**The task**
The answer must consist of every line below that holds the word "սերն".

**Task data**
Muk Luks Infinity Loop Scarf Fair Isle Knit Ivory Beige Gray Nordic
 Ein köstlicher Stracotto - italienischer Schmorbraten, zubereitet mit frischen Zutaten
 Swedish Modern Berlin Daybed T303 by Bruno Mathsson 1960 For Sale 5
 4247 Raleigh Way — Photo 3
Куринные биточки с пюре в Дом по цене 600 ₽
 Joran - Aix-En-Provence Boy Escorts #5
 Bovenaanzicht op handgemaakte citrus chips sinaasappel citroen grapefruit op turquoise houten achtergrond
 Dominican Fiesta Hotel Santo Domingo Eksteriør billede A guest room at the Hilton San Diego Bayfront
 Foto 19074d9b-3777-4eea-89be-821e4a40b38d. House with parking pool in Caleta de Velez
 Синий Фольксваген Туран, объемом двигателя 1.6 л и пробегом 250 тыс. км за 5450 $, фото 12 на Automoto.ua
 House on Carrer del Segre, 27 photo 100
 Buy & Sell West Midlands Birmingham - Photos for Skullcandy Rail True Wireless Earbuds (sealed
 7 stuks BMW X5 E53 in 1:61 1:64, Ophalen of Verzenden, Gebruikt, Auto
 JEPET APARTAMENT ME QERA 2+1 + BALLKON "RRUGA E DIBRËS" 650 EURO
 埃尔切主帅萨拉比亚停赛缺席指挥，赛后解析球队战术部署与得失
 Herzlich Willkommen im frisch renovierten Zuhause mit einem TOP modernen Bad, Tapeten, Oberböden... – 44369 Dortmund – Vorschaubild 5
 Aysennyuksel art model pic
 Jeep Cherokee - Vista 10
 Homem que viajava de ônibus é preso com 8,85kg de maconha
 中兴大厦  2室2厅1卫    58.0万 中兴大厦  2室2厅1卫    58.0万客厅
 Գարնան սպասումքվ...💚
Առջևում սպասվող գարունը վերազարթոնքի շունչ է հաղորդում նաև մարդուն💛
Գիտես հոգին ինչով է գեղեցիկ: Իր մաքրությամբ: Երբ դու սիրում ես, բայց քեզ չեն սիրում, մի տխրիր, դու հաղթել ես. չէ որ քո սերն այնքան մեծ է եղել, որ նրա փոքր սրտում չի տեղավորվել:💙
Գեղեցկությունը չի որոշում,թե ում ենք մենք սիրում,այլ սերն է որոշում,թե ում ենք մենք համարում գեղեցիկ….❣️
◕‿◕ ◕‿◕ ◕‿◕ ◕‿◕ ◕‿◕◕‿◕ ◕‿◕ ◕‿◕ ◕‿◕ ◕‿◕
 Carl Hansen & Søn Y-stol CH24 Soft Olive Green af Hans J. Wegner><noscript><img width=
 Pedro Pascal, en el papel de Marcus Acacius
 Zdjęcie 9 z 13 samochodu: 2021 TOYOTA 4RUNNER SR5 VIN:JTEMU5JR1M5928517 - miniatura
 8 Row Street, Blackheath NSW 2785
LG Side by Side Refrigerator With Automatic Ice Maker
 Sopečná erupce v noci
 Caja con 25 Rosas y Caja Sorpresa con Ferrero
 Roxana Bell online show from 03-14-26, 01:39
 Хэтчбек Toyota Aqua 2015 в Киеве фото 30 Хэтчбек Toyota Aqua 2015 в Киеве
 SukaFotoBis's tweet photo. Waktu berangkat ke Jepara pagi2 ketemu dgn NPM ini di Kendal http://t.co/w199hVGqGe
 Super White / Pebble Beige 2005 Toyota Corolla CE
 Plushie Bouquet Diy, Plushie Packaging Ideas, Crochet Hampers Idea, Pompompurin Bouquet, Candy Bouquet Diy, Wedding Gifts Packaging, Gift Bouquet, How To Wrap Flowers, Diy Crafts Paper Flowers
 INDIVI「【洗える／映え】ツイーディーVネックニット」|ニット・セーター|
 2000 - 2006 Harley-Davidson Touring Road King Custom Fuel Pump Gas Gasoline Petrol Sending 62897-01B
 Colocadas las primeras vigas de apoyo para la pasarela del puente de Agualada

**Answer section**
Գիտես հոգին ինչով է գեղեցիկ: Իր մաքրությամբ: Երբ դու սիրում ես, բայց քեզ չեն սիրում, մի տխրիր, դու հաղթել ես. չէ որ քո սերն այնքան մեծ է եղել, որ նրա փոքր սրտում չի տեղավորվել:💙
Գեղեցկությունը չի որոշում,թե ում ենք մենք սիրում,այլ սերն է որոշում,թե ում ենք մենք համարում գեղեցիկ….❣️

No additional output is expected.